When temperatures finally reach upper-70’s perfection:

  • New England homeowners can no longer get the soil out from under their nails.
  • A visit to The Home Depot on a Saturday or Sunday takes no less than two hours and costs over $200.
  • Children are slathered with sunscreen before school. (They do NOT like this.)
  • Every New Englander must post the at least 3 of the following photos on social media:
    • a photo of a tulip or daffodil
    • a photo of their ankles/legs/feet
    • a photo of their kid’s first sporting event of the season
    • a photo of the view from their run, hike, or bike ride
    • a selfie of their new “ready for summer!” haircut
  • Liquor stores report a 55% decrease in the sale of red wine and a 74% increase in the sale of white wine. Nobody buys Bailey’s or port again until November.

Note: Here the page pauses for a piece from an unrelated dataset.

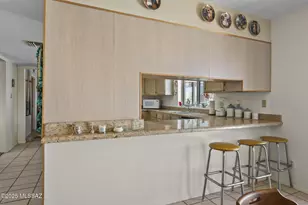 888 Cree Ln, Rio Rico, AZ 85648 - Photo 21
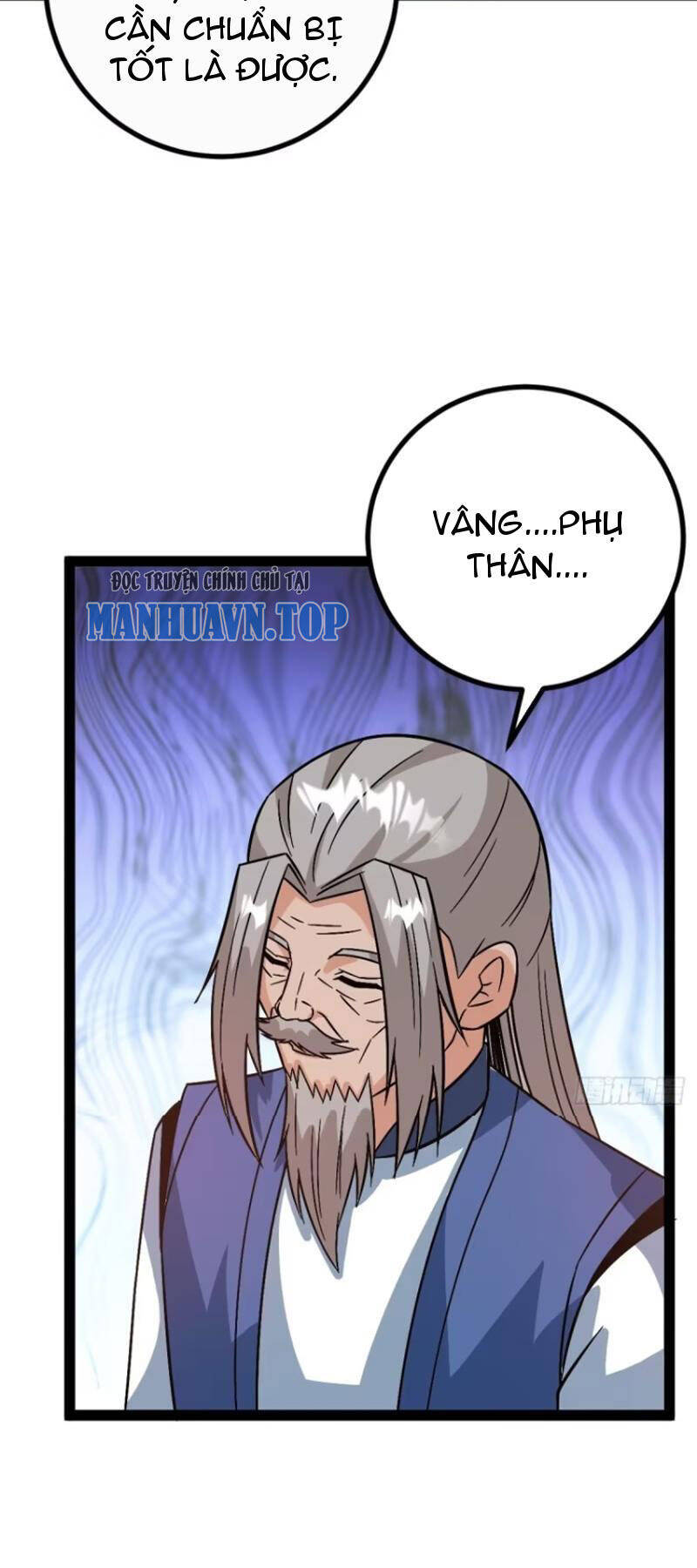 Trăm Tuổi Mở Hệ Thống, Hiếu Tử Hiền Tôn Quỳ Khắp Núi! Chapter 53 - 27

As of the writing of this post, much of New England is experiencing temperatures climbing well over 80°. While mornings and evenings are still pleasant, sadly several of the year’s 16-23 nice days are already behind New England’s inhabitants. Ahead lies heat and humidity, gnats and mosquitos, and visits to the beach where the ocean is perpetually frigid. New Englanders busy themselves readying for summer – a time when they complain of the heat exactly as fervently as they complained of the cold all winter, get tans the shape of their sandals, and pretend to like gazpacho.